▶ [Aim of the exercise]:
Give back exactly the lines from the beginning of the listing below to the line holding "Asfalto bagnato, buca", both ends included; the pictures stay out.

▶ [Data below]:
-- Opening Marker --

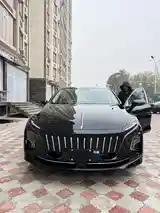 Hongqi E-QM5, 2024-13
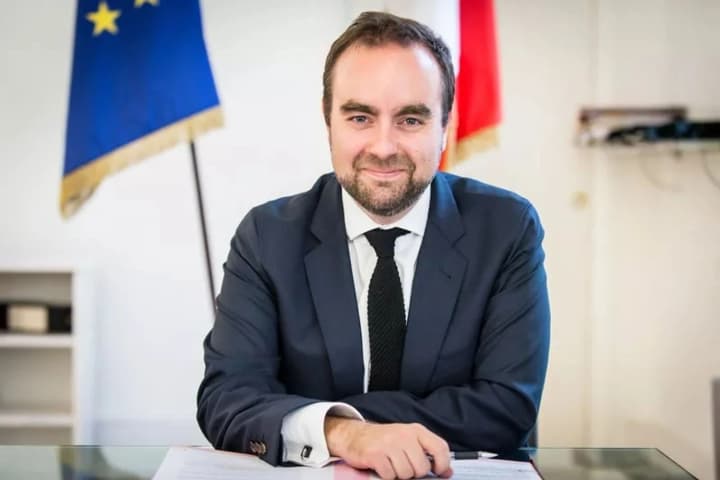 nastupnoho-premiera-frantsii-pryznachat-protiahom-48-hodyn-lekorniu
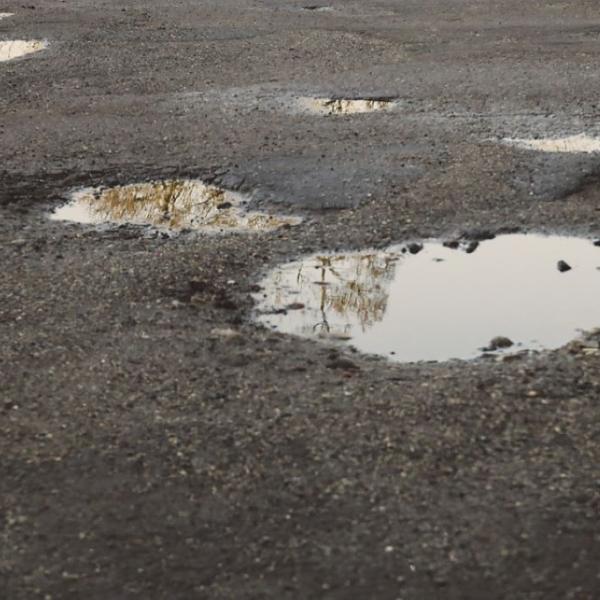 Asfalto bagnato, buca piena d’acqua: chi cade sulla strada o sulla pista ciclabile può richiedere un risarcimento?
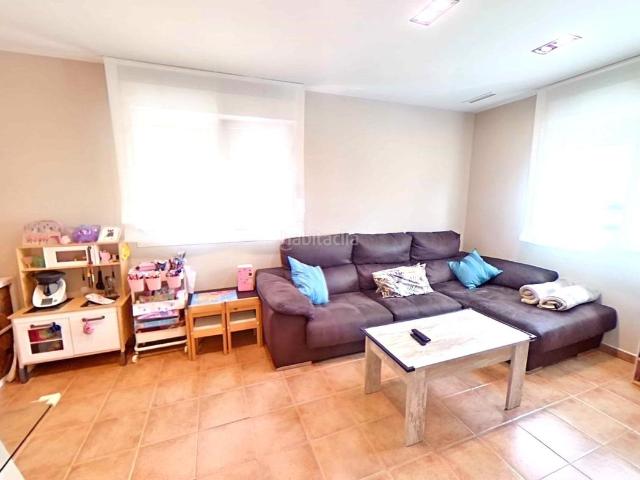 Piso en venta en Paracuellos de Jarama, Miramadrid. DISPONIBLE! VIVIENDA REFORMADA, en urbanización privada de Paracuellos del Jarama, zona muy tranquila para vivir. Pisos Paracuellos de.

-- Closing Marker --

▶ [Your solution]:
 Hongqi E-QM5, 2024-13
 nastupnoho-premiera-frantsii-pryznachat-protiahom-48-hodyn-lekorniu
 Asfalto bagnato, buca piena d’acqua: chi cade sulla strada o sulla pista ciclabile può richiedere un risarcimento?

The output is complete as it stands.